Wife of exiled pro-democracy Bhutanese leader Tek Nath Rizal, who is in custody in the fake Bhutanese refugees scam, has sought justice claiming that her husband has been jailed in unproven and unfair accusation.
Issuing a press note on Monday Kaushila Rizal, who has been staying in Birtamode, Jhapa, has also accused of long-running maneuverings to undermine her husband's campaign of voluntary return of Bhutanese refugees to Bhutan.
Stating that she has issued the press note to draw attention of the state organs, human rights organizations, and the media she has added that the accusations against the leader who has always fought for rights and justice of persecuted Bhutanese are false.
She has also pointed that her 76-year-old husband suffers from diabetes, hypertension and other ailments and sought judicial compassion considering his past.
Her husband Tek Nath Rizal, however, has accepted that he played a role in the fake Bhutanese refugees scam.
In the statement recorded with the District Government Attorney’s Office, Kathmandu—that Setopati has acquired—he has said that he knew about sending Nepali citizens as fake Bhutanese refugees in the past and had stated that he would not have any problem in that if that did not harm any genuine Bhutanese refugees.

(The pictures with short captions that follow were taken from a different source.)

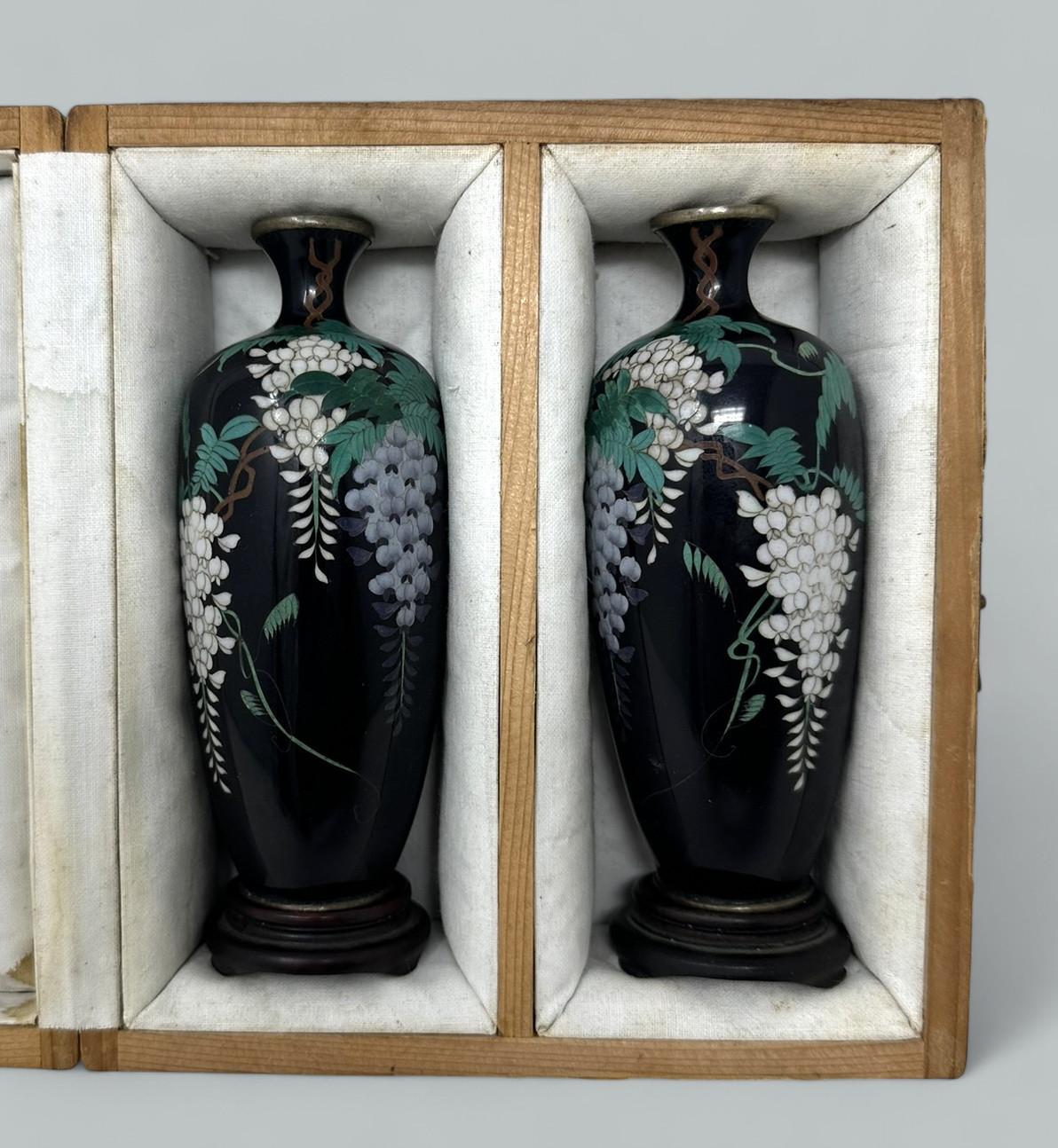 Antica coppia di vasi in miniatura giapponesi in smalto cloisonne del periodo Meiji 1875 in vendita 1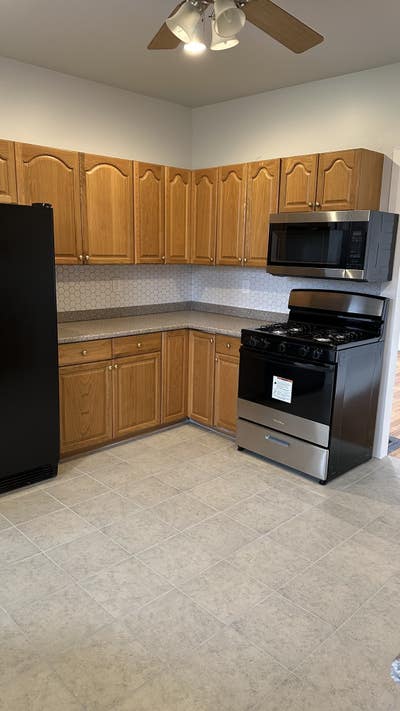 Private Room in a 5 Bedroom 2 Bathroom Townhouse Main Photo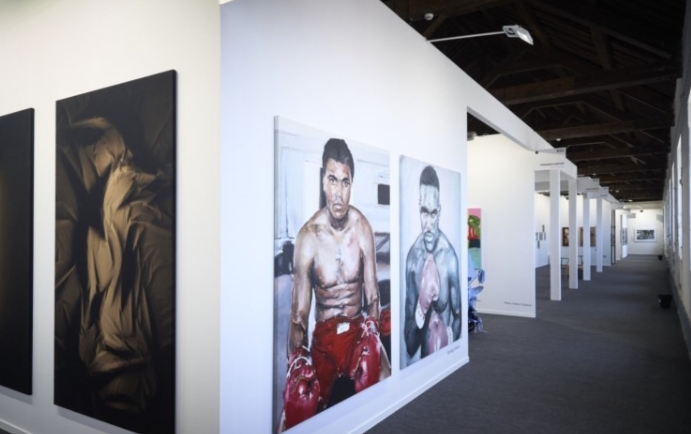 Exposición de arte contemporáneo en ARCOlisboa con obras de boxeadores.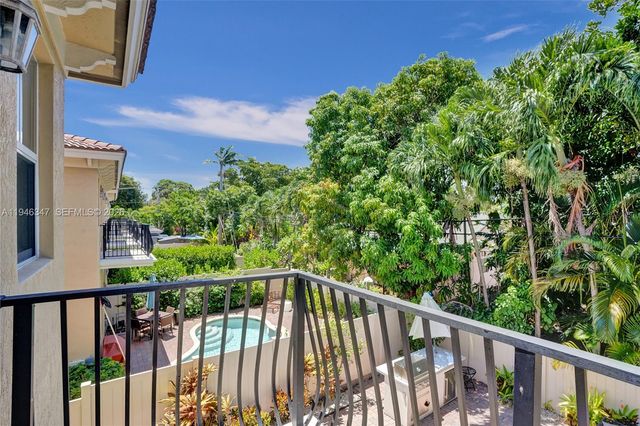 1115 NE 14th Ave, Fort Lauderdale, FL 33304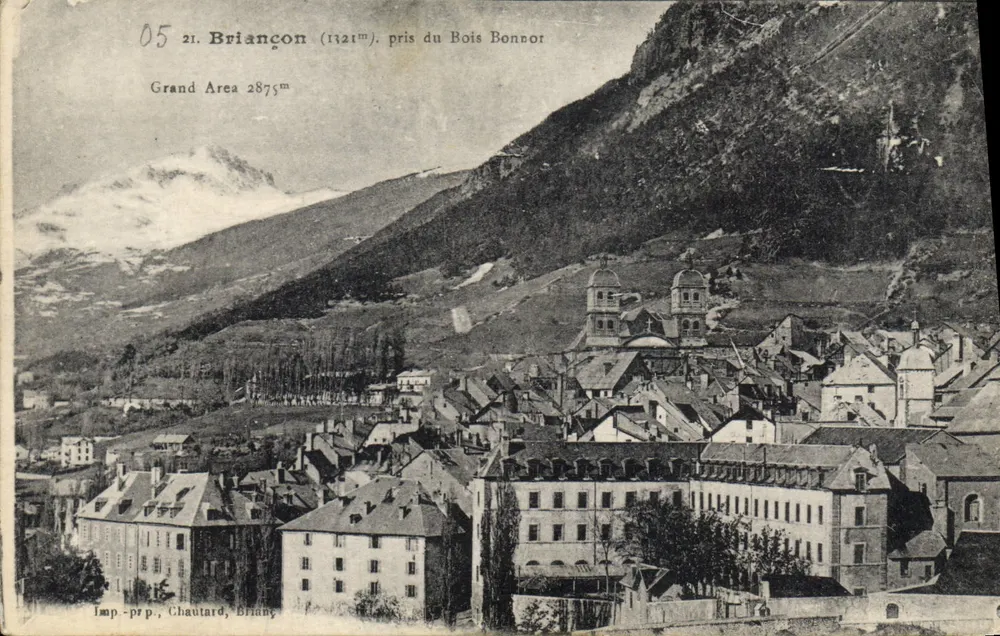 Briancón (1321m) — vista tirada do Bois Bonnor — Imp. Chautard, Briançon - Frente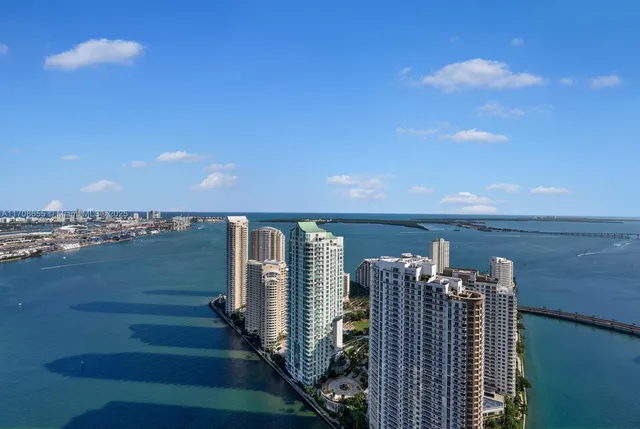 $5,250,000 | 300 Biscayne Blvd Way, Unit 4703, Miami, FL 33131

Rizal, who was arrested on May 18, has testified in the statement that Sanu Bhandari and Keshav Dulal had set up his meeting with the then deputy prime minister Top Bahadur Rayamajhi four years back.
He has conceded that Rayamajhi and others solicited his help in sending Nepalis as fake Bhutanese refugees during the meeting and he agreed to help if the problems of Bhutanese refugees were to be permanently resolved.
“I had said that I would not have any problem with that if they would not harm Bhutanese while taking Nepalis to a third country in the name of Bhutanese, and can manage the issue by not charging money from Bhutanese,” Rizal has conceded in the statement.
He has added that Rayamajhi promised during that meeting to lobby for resumption of the perks and benefits (monthly allowance, a vehicle and a driver, according to the police) provided to him by the Nepal government earlier but stopped for two years.
He has also claimed that a few Nepalis were also sent to America and other countries along with Bhutanese refugees during the third-country resettlement program that was completed a few years back.